··· Dataset entries
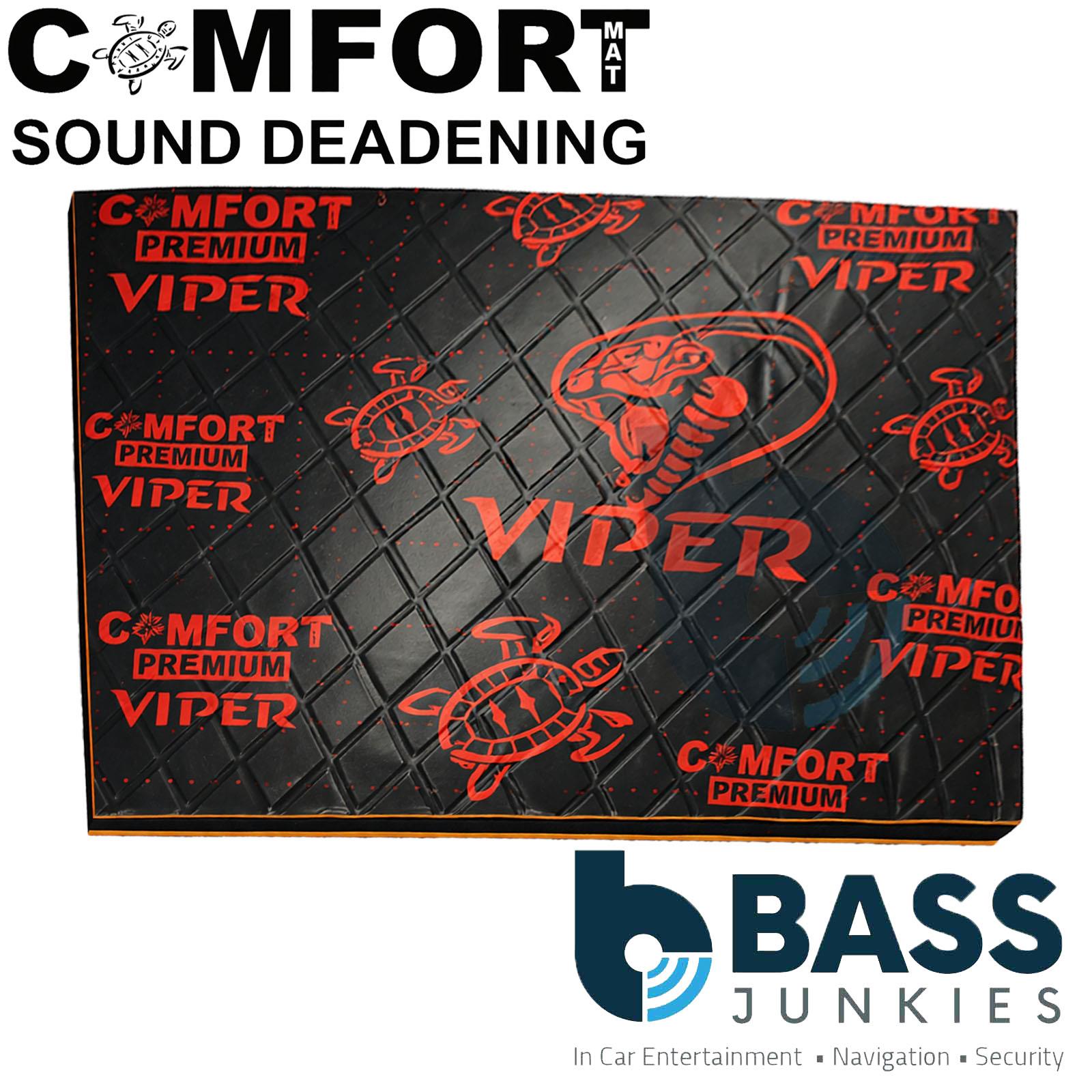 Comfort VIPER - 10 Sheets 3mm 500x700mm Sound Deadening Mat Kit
······
··· Dataset entries
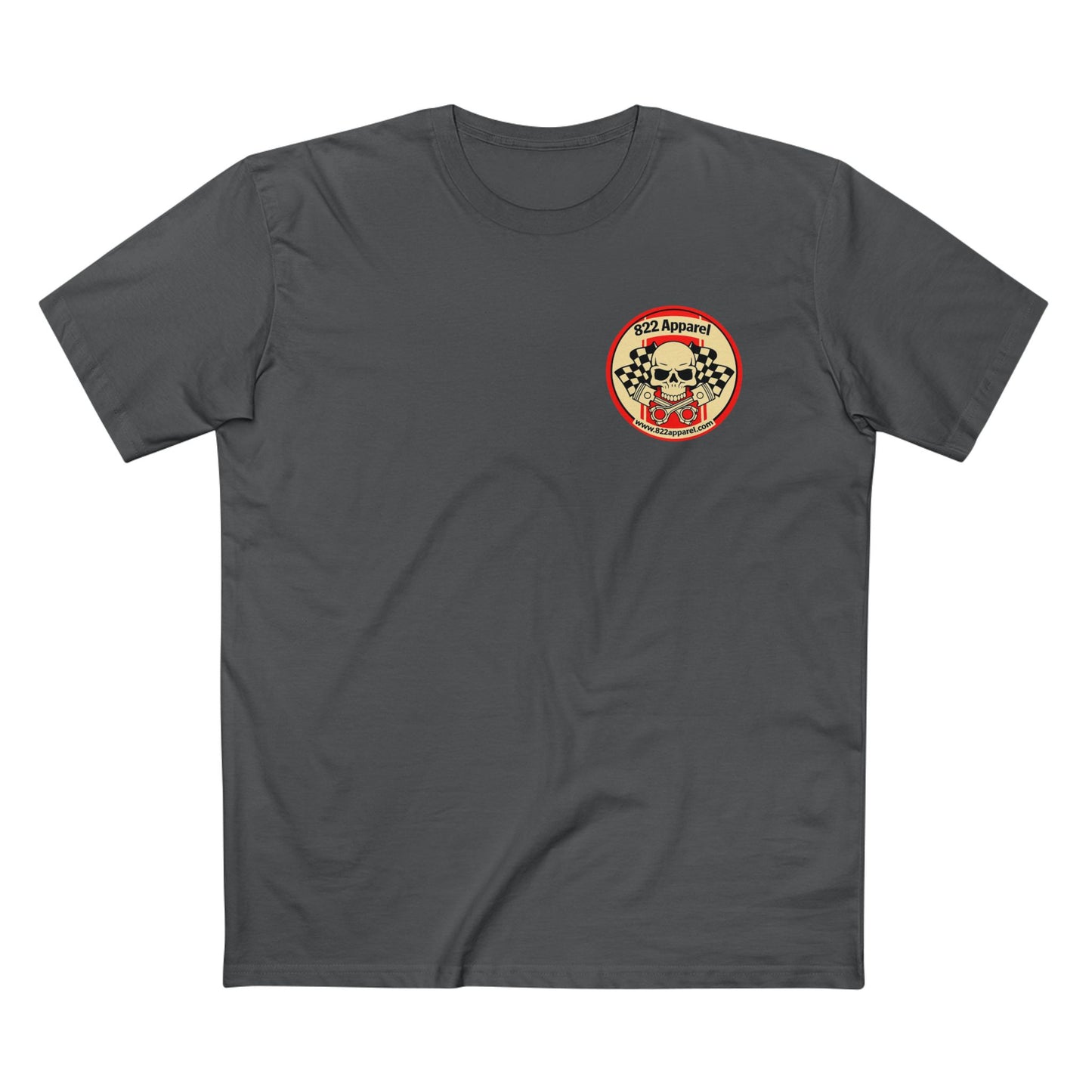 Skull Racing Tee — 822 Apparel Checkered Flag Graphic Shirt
······
··· Dataset entries
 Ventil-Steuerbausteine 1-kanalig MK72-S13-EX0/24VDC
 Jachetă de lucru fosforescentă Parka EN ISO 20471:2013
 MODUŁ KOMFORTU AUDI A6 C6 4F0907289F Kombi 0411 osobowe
······
(Problem to solve):
Search the listing above for the lines with "Jachetă de lucru" and "MODUŁ KOMFORTU AUDI", then output those lines and all lines between them exactly.

(Completed task):
 Jachetă de lucru fosforescentă Parka EN ISO 20471:2013
 MODUŁ KOMFORTU AUDI A6 C6 4F0907289F Kombi 0411 osobowe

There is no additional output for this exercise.